▸ Problem
Nothing less than an exact copy of all the records is required.

▸ Records supplied
◇ ◇ ◇ ◇ ◇ ◇ ◇
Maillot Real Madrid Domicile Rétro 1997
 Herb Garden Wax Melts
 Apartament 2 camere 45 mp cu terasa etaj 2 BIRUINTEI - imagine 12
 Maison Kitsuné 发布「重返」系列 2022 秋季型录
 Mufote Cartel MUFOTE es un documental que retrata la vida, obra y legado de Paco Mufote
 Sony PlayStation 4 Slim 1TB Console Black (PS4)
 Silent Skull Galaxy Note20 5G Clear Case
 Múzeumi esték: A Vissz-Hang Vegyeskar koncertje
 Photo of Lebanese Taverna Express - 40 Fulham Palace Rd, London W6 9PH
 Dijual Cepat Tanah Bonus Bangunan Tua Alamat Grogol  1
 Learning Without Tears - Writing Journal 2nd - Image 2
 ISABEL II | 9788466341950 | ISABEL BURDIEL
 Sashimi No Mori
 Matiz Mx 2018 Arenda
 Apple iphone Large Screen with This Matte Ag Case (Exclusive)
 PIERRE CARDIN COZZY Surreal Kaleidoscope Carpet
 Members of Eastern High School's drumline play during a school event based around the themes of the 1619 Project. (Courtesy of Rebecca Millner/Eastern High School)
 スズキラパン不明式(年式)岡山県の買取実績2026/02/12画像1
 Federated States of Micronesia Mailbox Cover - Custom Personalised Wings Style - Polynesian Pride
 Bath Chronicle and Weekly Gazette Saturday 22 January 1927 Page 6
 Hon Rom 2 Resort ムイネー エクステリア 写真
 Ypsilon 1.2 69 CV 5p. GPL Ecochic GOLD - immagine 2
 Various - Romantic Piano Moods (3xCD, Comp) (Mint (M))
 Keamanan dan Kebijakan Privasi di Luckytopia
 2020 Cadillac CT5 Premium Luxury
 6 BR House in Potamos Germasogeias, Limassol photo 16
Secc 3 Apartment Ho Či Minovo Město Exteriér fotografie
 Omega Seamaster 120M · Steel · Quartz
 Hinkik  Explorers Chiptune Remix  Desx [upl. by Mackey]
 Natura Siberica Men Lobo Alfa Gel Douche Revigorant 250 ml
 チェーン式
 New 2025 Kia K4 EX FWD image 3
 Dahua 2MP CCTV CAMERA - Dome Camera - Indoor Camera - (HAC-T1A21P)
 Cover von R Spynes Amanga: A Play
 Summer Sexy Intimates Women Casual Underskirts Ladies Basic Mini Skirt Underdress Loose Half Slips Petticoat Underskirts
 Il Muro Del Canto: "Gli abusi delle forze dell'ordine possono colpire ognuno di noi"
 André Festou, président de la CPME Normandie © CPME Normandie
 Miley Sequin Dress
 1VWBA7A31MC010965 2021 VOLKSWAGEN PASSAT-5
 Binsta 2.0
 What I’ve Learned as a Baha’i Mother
◇ ◇ ◇ ◇ ◇ ◇ ◇
▸ Task answer
Maillot Real Madrid Domicile Rétro 1997
 Herb Garden Wax Melts
 Apartament 2 camere 45 mp cu terasa etaj 2 BIRUINTEI - imagine 12
 Maison Kitsuné 发布「重返」系列 2022 秋季型录
 Mufote Cartel MUFOTE es un documental que retrata la vida, obra y legado de Paco Mufote
 Sony PlayStation 4 Slim 1TB Console Black (PS4)
 Silent Skull Galaxy Note20 5G Clear Case
 Múzeumi esték: A Vissz-Hang Vegyeskar koncertje
 Photo of Lebanese Taverna Express - 40 Fulham Palace Rd, London W6 9PH
 Dijual Cepat Tanah Bonus Bangunan Tua Alamat Grogol  1
 Learning Without Tears - Writing Journal 2nd - Image 2
 ISABEL II | 9788466341950 | ISABEL BURDIEL
 Sashimi No Mori
 Matiz Mx 2018 Arenda
 Apple iphone Large Screen with This Matte Ag Case (Exclusive)
 PIERRE CARDIN COZZY Surreal Kaleidoscope Carpet
 Members of Eastern High School's drumline play during a school event based around the themes of the 1619 Project. (Courtesy of Rebecca Millner/Eastern High School)
 スズキラパン不明式(年式)岡山県の買取実績2026/02/12画像1
 Federated States of Micronesia Mailbox Cover - Custom Personalised Wings Style - Polynesian Pride
 Bath Chronicle and Weekly Gazette Saturday 22 January 1927 Page 6
 Hon Rom 2 Resort ムイネー エクステリア 写真
 Ypsilon 1.2 69 CV 5p. GPL Ecochic GOLD - immagine 2
 Various - Romantic Piano Moods (3xCD, Comp) (Mint (M))
 Keamanan dan Kebijakan Privasi di Luckytopia
 2020 Cadillac CT5 Premium Luxury
 6 BR House in Potamos Germasogeias, Limassol photo 16
Secc 3 Apartment Ho Či Minovo Město Exteriér fotografie
 Omega Seamaster 120M · Steel · Quartz
 Hinkik  Explorers Chiptune Remix  Desx [upl. by Mackey]
 Natura Siberica Men Lobo Alfa Gel Douche Revigorant 250 ml
 チェーン式
 New 2025 Kia K4 EX FWD image 3
 Dahua 2MP CCTV CAMERA - Dome Camera - Indoor Camera - (HAC-T1A21P)
 Cover von R Spynes Amanga: A Play
 Summer Sexy Intimates Women Casual Underskirts Ladies Basic Mini Skirt Underdress Loose Half Slips Petticoat Underskirts
 Il Muro Del Canto: "Gli abusi delle forze dell'ordine possono colpire ognuno di noi"
 André Festou, président de la CPME Normandie © CPME Normandie
 Miley Sequin Dress
 1VWBA7A31MC010965 2021 VOLKSWAGEN PASSAT-5
 Binsta 2.0
 What I’ve Learned as a Baha’i Mother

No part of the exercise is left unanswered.